- Exercise instructions -
In the listing below, find the line with "Diskusi Hukum PTA" and copy every line from there up to and including the line with "Skänkflaska 1l - Grön", exactly and without pictures.

- Given data -

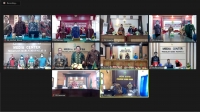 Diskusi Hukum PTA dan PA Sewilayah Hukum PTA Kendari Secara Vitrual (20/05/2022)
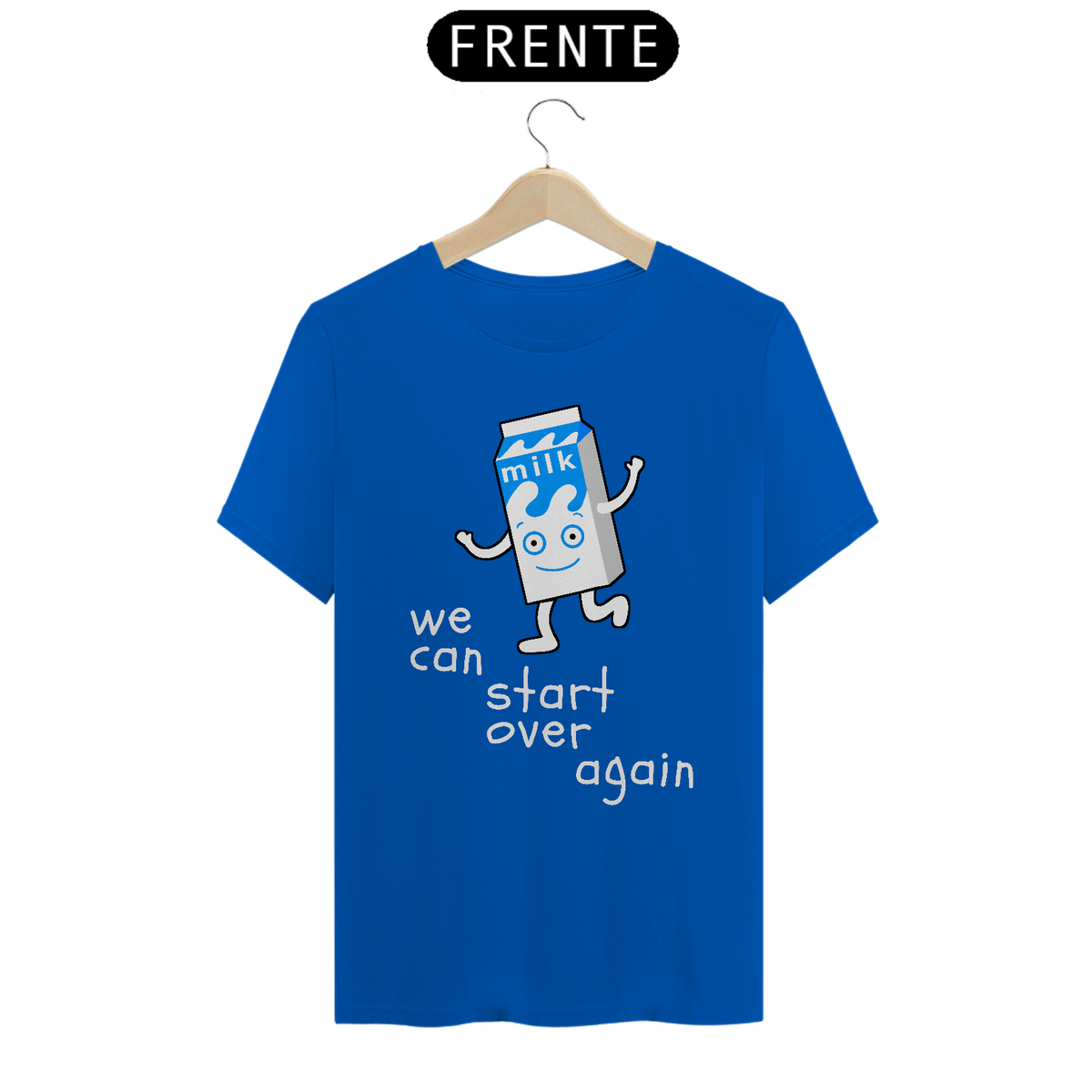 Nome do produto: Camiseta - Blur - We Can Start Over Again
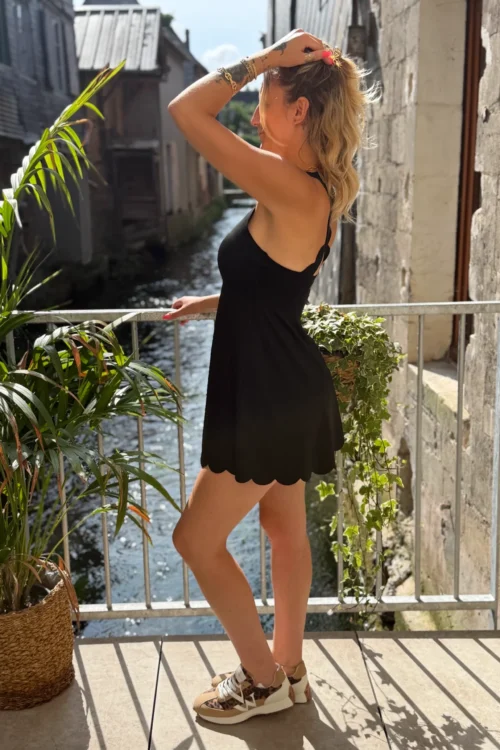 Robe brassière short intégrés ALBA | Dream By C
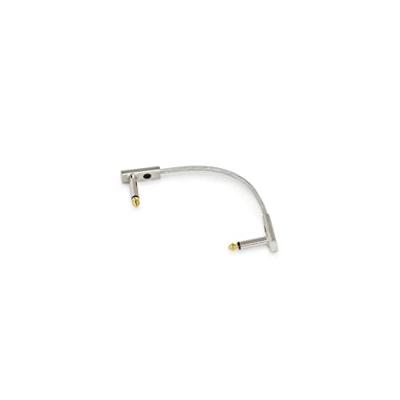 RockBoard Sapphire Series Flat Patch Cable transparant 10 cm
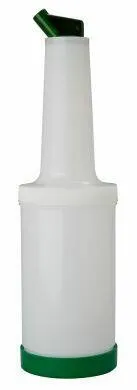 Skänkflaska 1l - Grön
--
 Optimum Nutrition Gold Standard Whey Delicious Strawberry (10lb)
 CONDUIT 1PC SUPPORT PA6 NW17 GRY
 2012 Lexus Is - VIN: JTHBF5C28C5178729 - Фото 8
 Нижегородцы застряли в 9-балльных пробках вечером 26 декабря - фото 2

- Written answer -
 Diskusi Hukum PTA dan PA Sewilayah Hukum PTA Kendari Secara Vitrual (20/05/2022)
 Nome do produto: Camiseta - Blur - We Can Start Over Again
 Robe brassière short intégrés ALBA | Dream By C
 RockBoard Sapphire Series Flat Patch Cable transparant 10 cm
 Skänkflaska 1l - Grön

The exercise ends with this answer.